This a machine Learning project based on a dataset provided by HAR http://groupware.les.inf.puc-rio.br/har where we will train various predictive models and select the best model to predict the exercise that was performed using the pml-testing dataset with 160 features and 20 observations(Individuals).
We will take the following steps:
This section we load the R package that we shall use in this Project.
library(readr)
library(caret)
library(rattle)
library(randomForest)
pml_training <- read_csv("./pml-training.csv")
pml_testing<- read_csv("./pml-testing.csv")
In this section we Select the relevant variables by calculating the proportion missing data from the total observations and if more than half we drop the variable.
# 1. Training
relevant_var <- names(pml_training)[(colSums(is.na(pml_training))/dim(pml_training)[1] < 0.50)]
length(relevant_var)
## [1] 60
# 2. Testing
relevant_vartest <- names(pml_testing)[(colSums(is.na(pml_testing))/dim(pml_testing)[1] < 0.50)]
length(relevant_vartest)
## [1] 60
# Check if there is any variable relevant in training and not in testing data set
"%ni%" <- Negate("%in%")
relevant_var[relevant_vartest %ni% relevant_var]
## [1] "classe"
relevant_vartest[relevant_var %ni% relevant_vartest]
## [1] "problem_id"
From this we can see that in both training and testing data there are atleast 60 variable with more than 50 percentage of the observation and on further we can see in the training data exist a variable classe which is our outcome for this project but its is not in the testing set.
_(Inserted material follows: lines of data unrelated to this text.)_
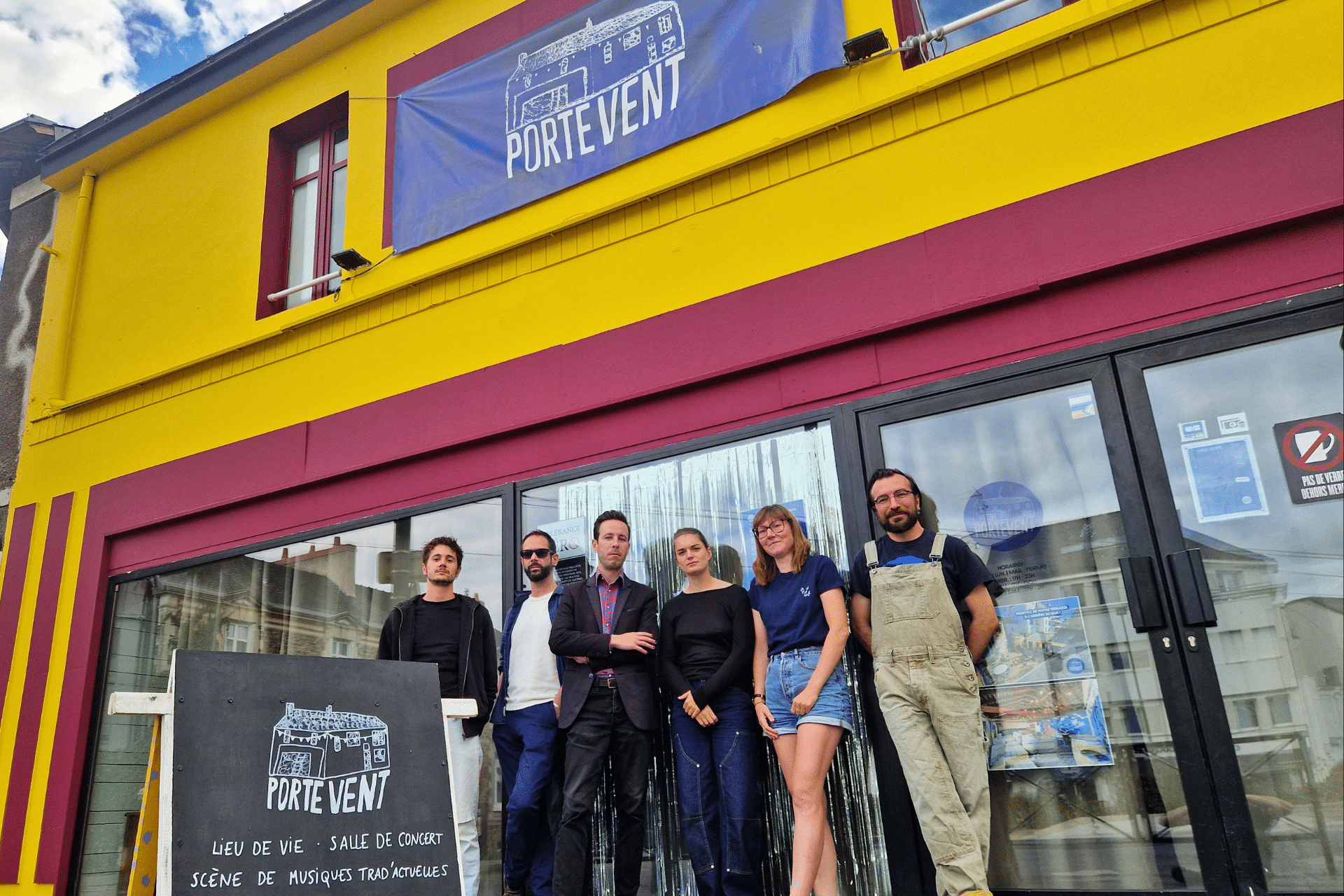 Equipe_permanente_nouveau_pavillon_credit_Eve_Boyle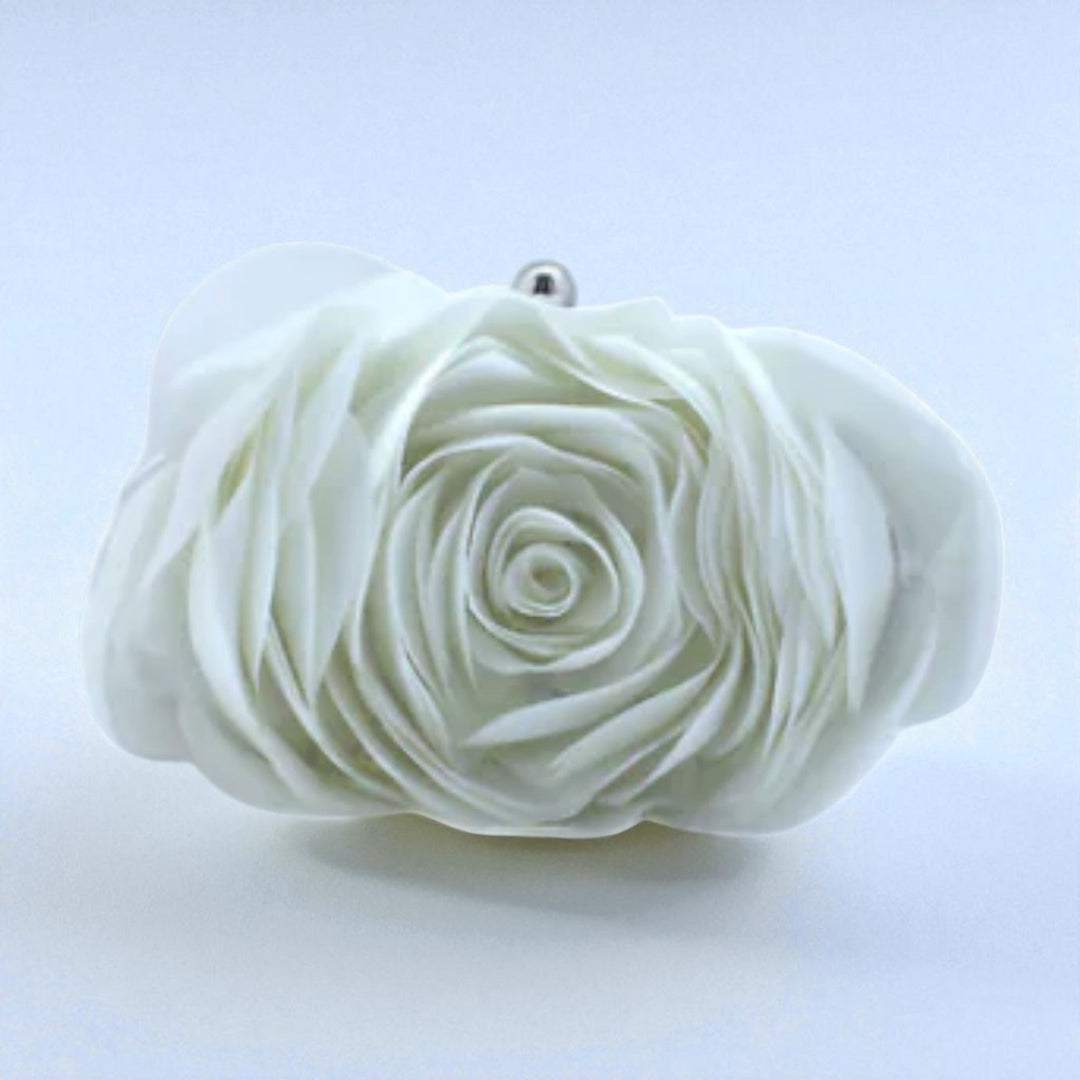 Bolso de mano con flores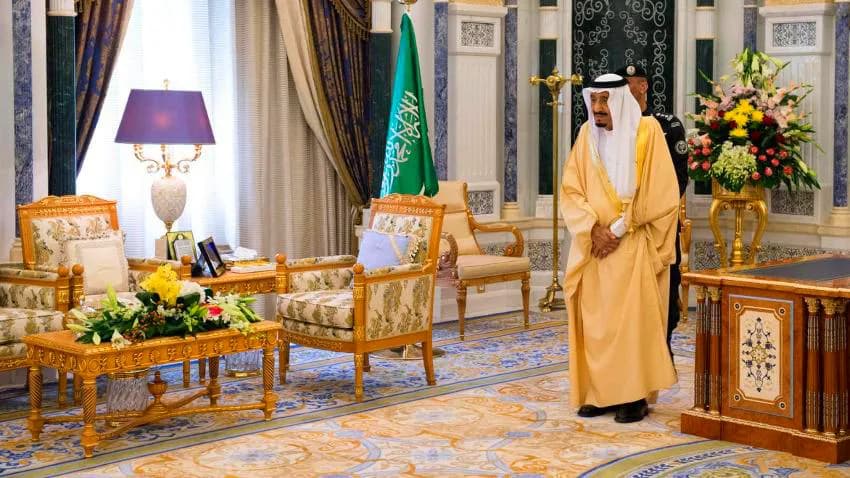 السعودية تبحث دعوة الحوثيين لإجراء محادثات في الرياض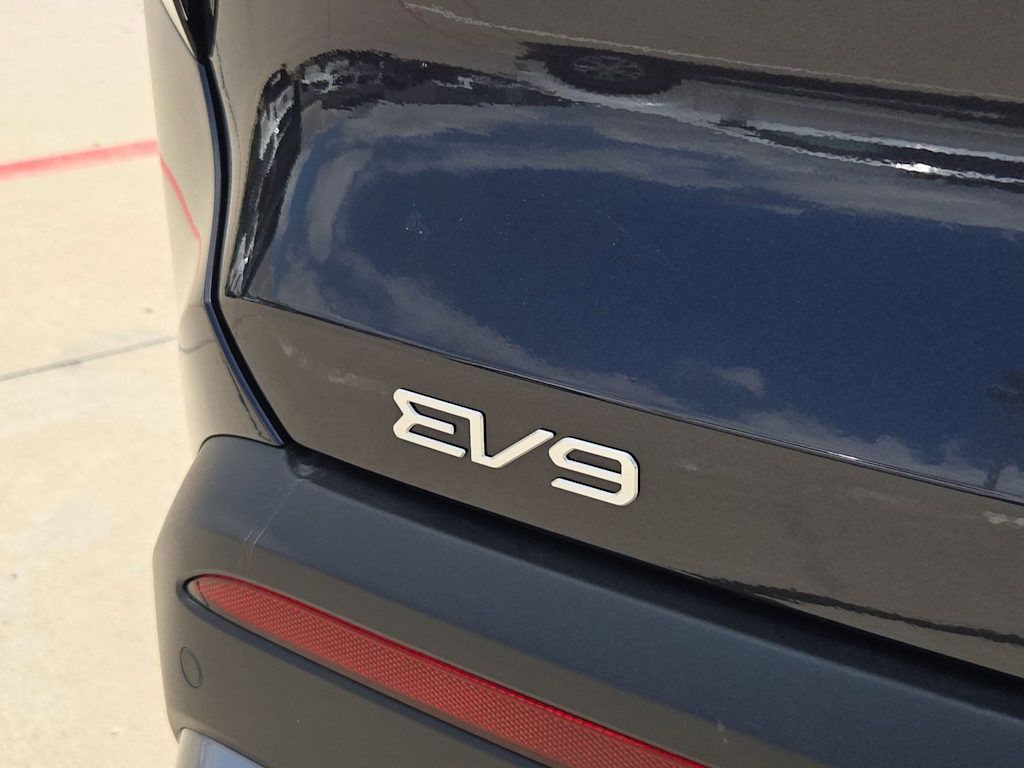 Thumbnail: 2026 Kia EV9 - 22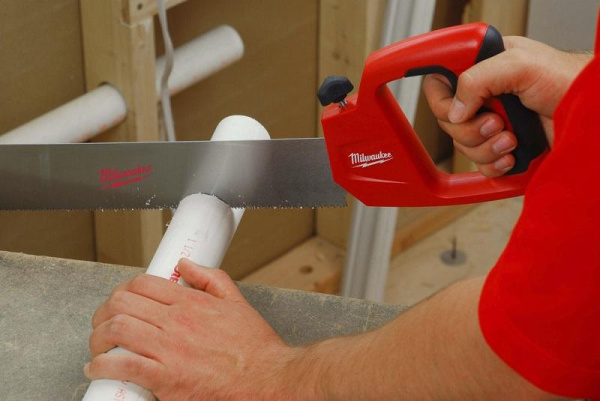 Ножовка Milwaukee по пластику 48220212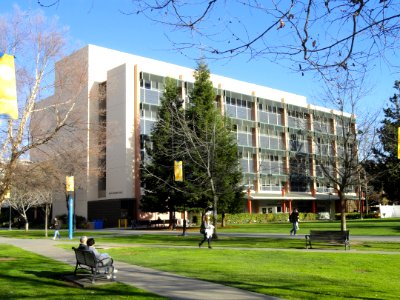 MacQuarrie Hall (San José State University) - DSC03943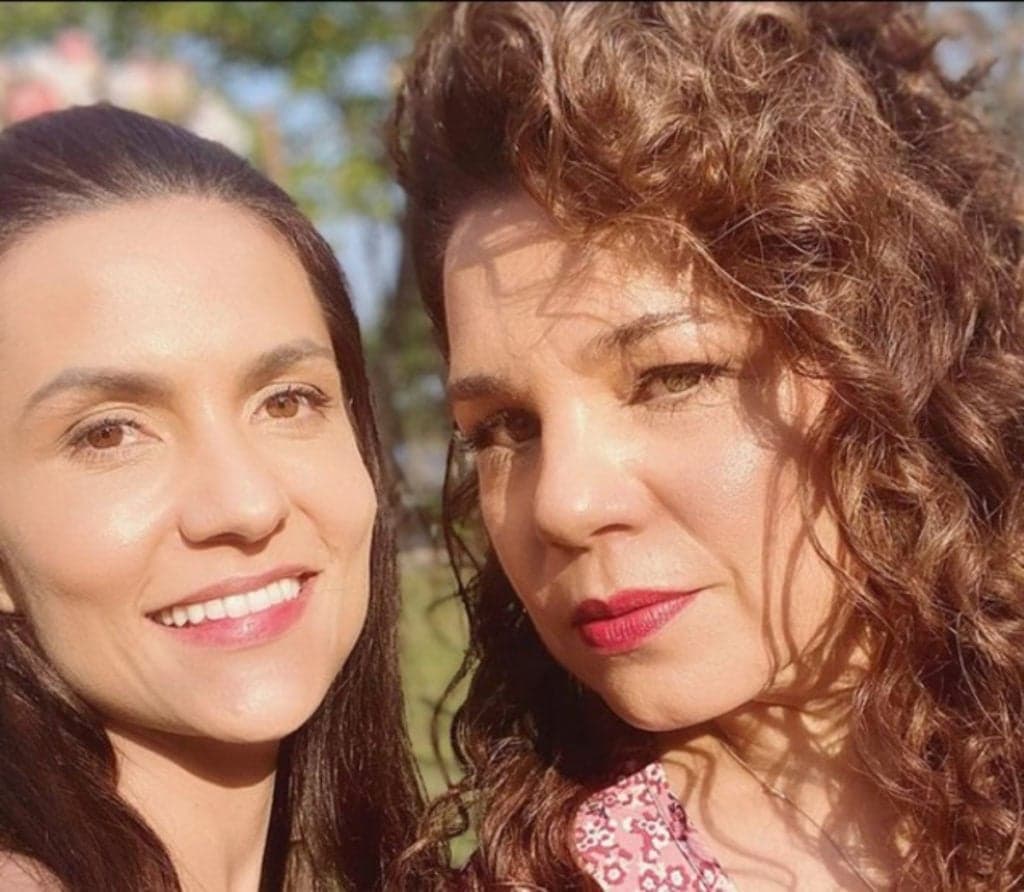 Paula Barbosa, a Zefa de Pantanal, não esconde sentimento que sente por Isabel Teixeira e se declara: "Desde sempre"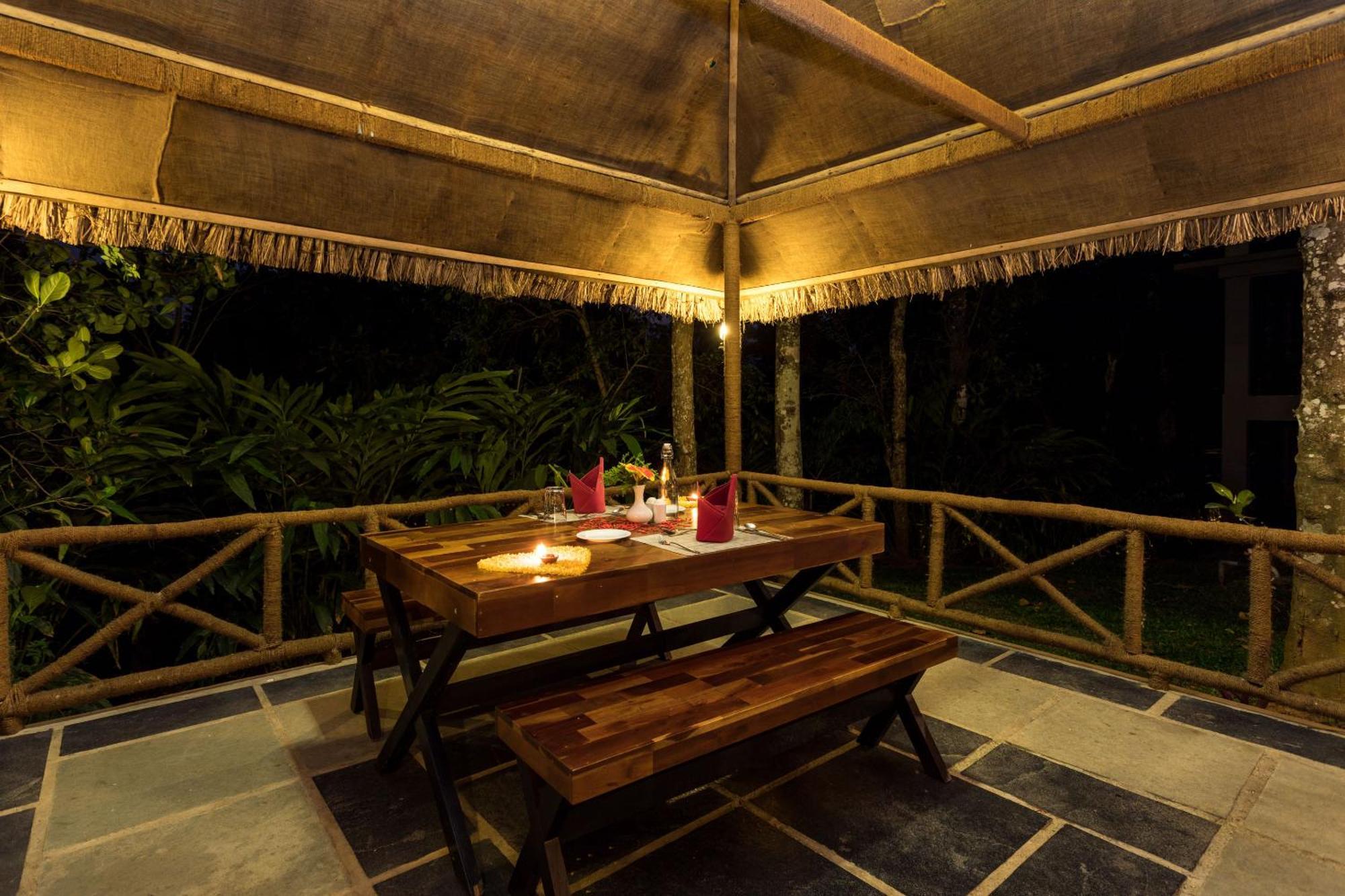 The Mountain Courtyard Thekkady Hotel Luaran gambar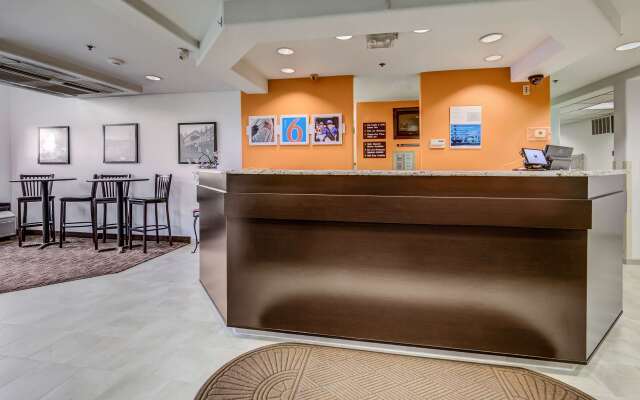 Motel 6 Sutherlin, OR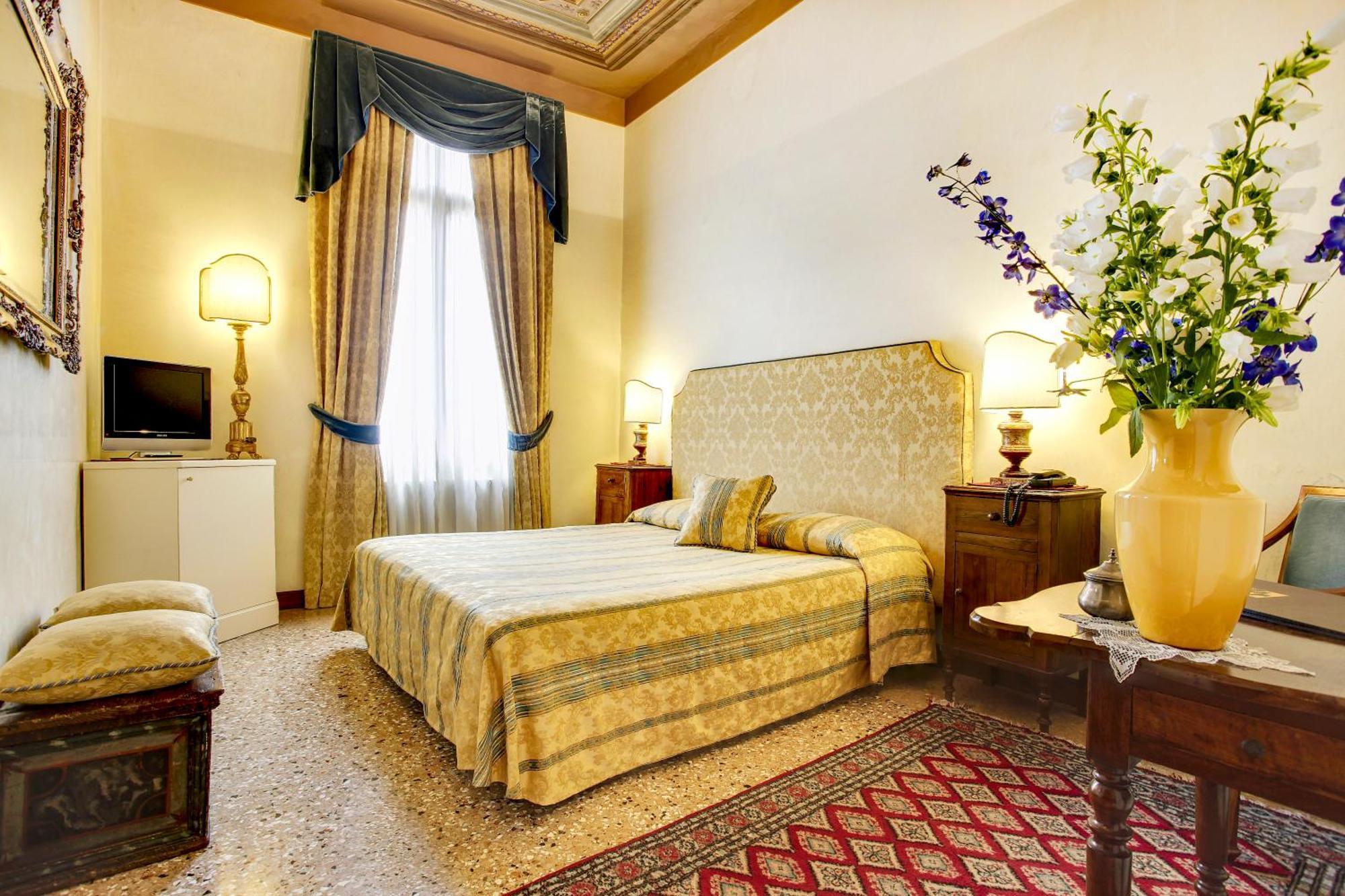 Double Room,1209416593:JPEG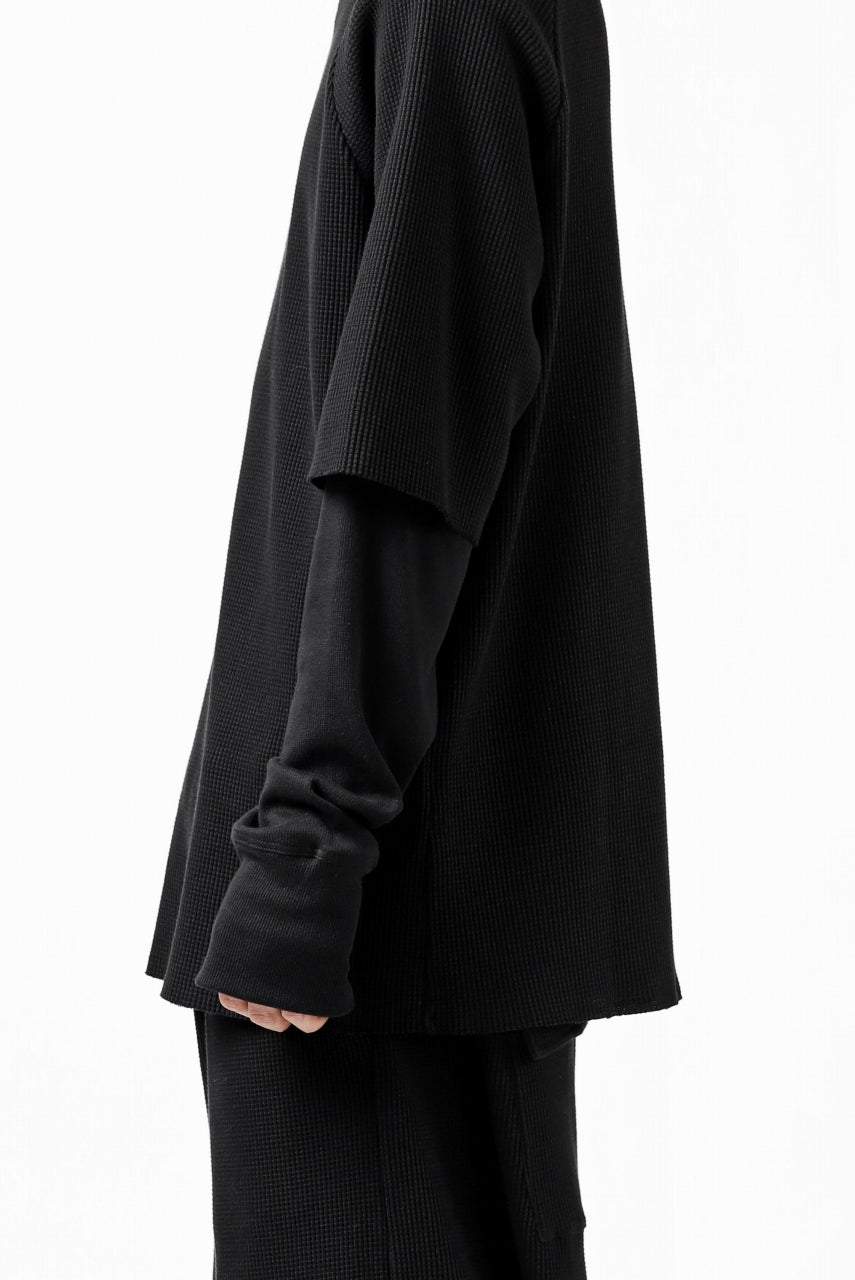 Load image into Gallery viewer, FIRST AID TO THE INJURED SJENSE LAYERED SLEEVE TOPS / WAFFEL + RIB JERSEY (BLACK)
Also variable problem exist only in testing data.
Here we create a subset for relevent data according to proportionality of data available and then move a step further to eliminate some variable such as X1 and any variable related to timestamp.
pml_test <- pml_testing[, relevant_vartest]
VarTimestamp <- grep("timestamp", names(pml_test))
ProblemId <- grep("problem_id", names(pml_test))
newWindow<- grep("new_window", names(pml_test))
pml_test <- pml_test[, -c(1, VarTimestamp, newWindow, ProblemId)]
pml_train <- pml_training[, relevant_var]
VarTimestamp <- grep("timestamp", names(pml_train))
newWindow<- grep("new_window", names(pml_train))
pml_train <- pml_train[, -c(1, VarTimestamp, newWindow)]
# for efficient of training our model we eliminate observations that consist of any missing Data(NA)
row_has_NA <- apply(pml_train, 1, function(x){any(is.na(x))})
pml_train <- pml_train[!row_has_NA, ]
In this section we explore our data to understand it better and also see if it is balanced.
head(pml_train)
summary(pml_train)
head(pml_test)
summary(pml_test)
Lets see how much we have reduced the dimension of the data after processing
dim(pml_training)
## [1] 19622 160
dim(pml_train)
## [1] 19621 55
dim(pml_testing)
## [1] 20 160
dim(pml_test)
## [1] 20 54
# check if the data is biased
table(pml_train$classe)
##
## A B C D E
## 5579 3797 3422 3216 3607
# Percentage representation
round((table(pml_train$classe)/dim(pml_train)[1])*100, 2)
##
## A B C D E
## 28.43 19.35 17.44 16.39 18.38
From the analysis we can see we reduced our variables from 160 to 56 and excluded one observation.
Also we can see that generally B, C, D, E balanced between 16 - 19 percentage but for A outcome it is generally higher with 28 percentage.
In this section we partition data into training(0.7) and validation(0.3) dataset using the createDataPartition function in caret function.
set.seed(5000)
pml_test$user_name <- as.factor(pml_test$user_name)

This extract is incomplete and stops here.